[CentOS] System Start-Up Issue

Mon Jul 3 15:17:22 UTC 2017
m.roth at 5-cent.us <m.roth at 5-cent.us>

Mark Haney wrote:
> On 07/03/2017 10:52 AM, m.roth at 5-cent.us wrote:
>> Chris Olson wrote:
>>>      On Monday, July 3, 2017 5:58 AM, "m.roth at 5-cent.us"
>>> <m.roth at 5-cent.us>
>>> wrote:
>>>   Chris Olson wrote:
>>> <snip>
>>>> I went on vacation right after an update to one of our virtual CentOS
>>>> 6.9 systems so it was not restarted for a period of time.  Now it will
>>>> not complete boot-up with the gnome display never fully launched.  A
>>>> progress bar at the bottom of the start-up screen never reaches
>>>> completion. We have not been able to detect a running system on the
network.
>>>>
>>>> Two options for stopping the CentOS 6.9 virtual machine have been
>>>> tried.
>>>> One is to "power off" and the other is to "send the shutdown message".
>>>> Both of these options appear to work properly.  The shutdown output
>>> <snip>
>>> Suggestion: boot to the previous kernel.

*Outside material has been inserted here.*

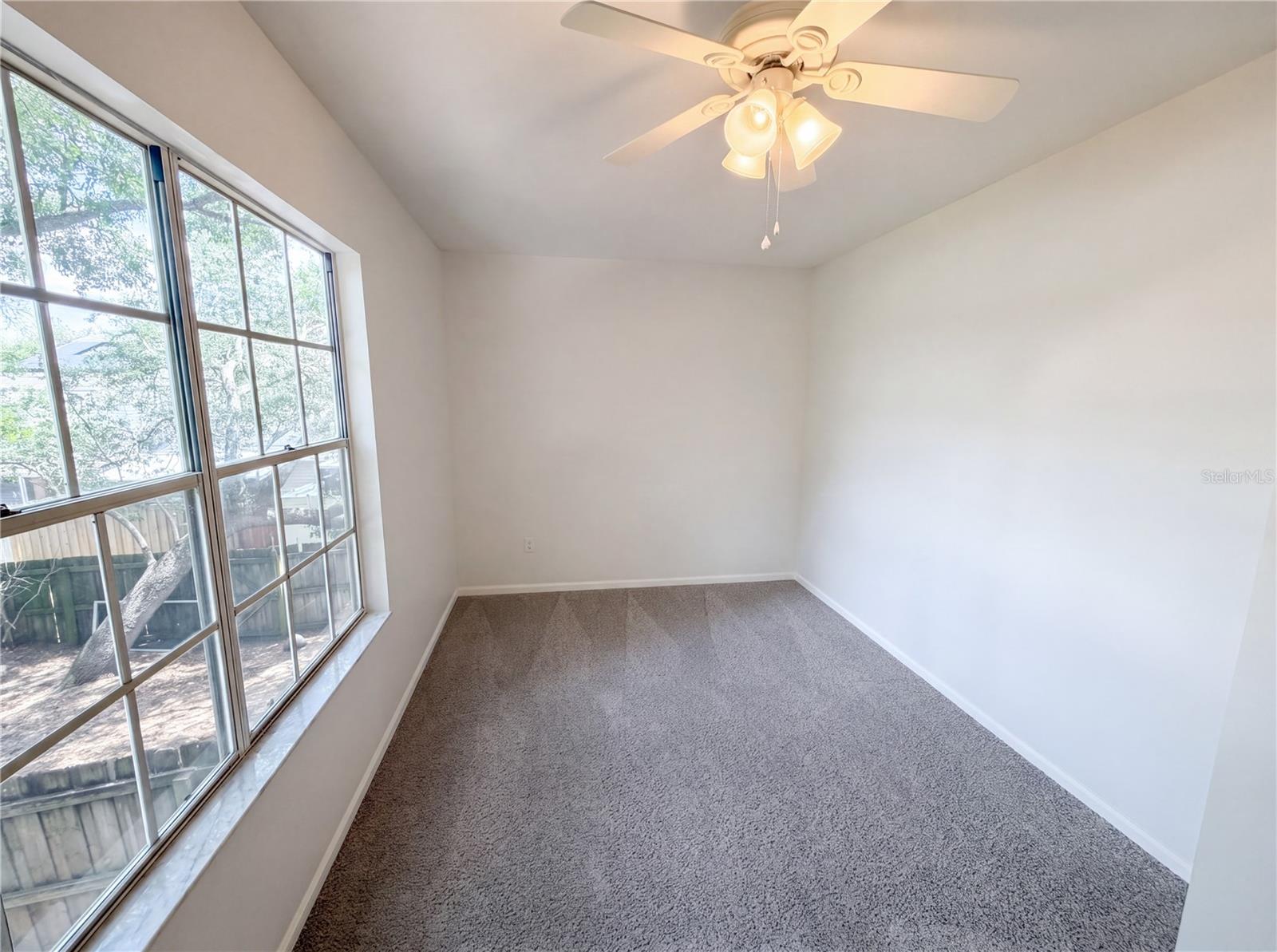 Image 13 of 25 For 510 Green Spring Circle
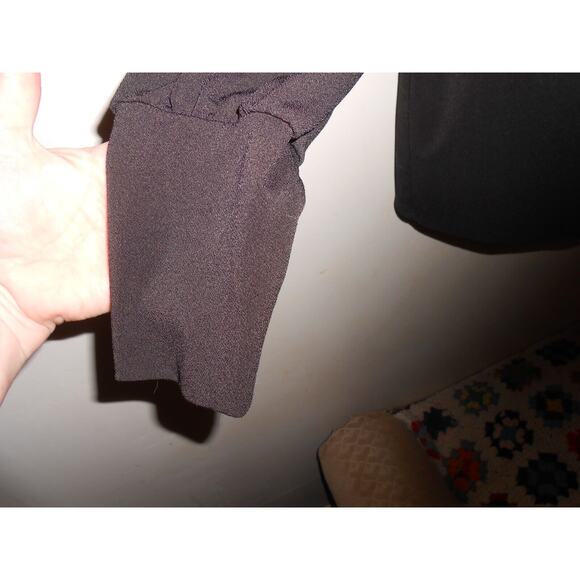 Banana Republic Women's Long Sleeve V Neck Pullover Top Size M Polyblend - Picture 4 of 5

If that works, reinstall the
>>> update, then reboot to it.
>>>
>>> We had real issues months back, where a yum-cron appeared to
>>> half-ignore the exclude=kernel line in yum.conf, and it would
>>> consistently fail to
>>> boot, but once the above was done, reinstalling the latest kernel,
>>> *then* it rebooted with no problem.
>
> Okay, stupid question, if yum-cron was jacked up months back are you
> still using it?  And if so, why?  Never in my life have I ever scheduled
> updates on any server for any reason.  Mostly because I don't trust it
> to do it right.  Also mostly because I use ansible to manage that, and
> that playbook is always manually run just in case there's an issue.
>
> But yeah, you might be hosed. If this is a VM, do you not have a
> snapshot handy?  (I know, I'm late to the party but was camping this
> weekend.

I think you're mixing up the OP and me. The issue for us seems to have
been fixed - I suspect it was an issue with yum - it was as though it
updated the kernel, but then didn't run the postinstall scripts. Haven't
had that happen in a while.

And no, not a VM. We only have a few VMs; most are bare metal. But then,
our servers are for scientific computing, and we need every bloody CPU
cycle. <g> I've got users who may be the only one on a server, or a server
with *two* Tesla cards, or a cluster of 23 or 24 servers, with over 1100
or 512 cores, whose jobs run, literally, for weeks.

      mark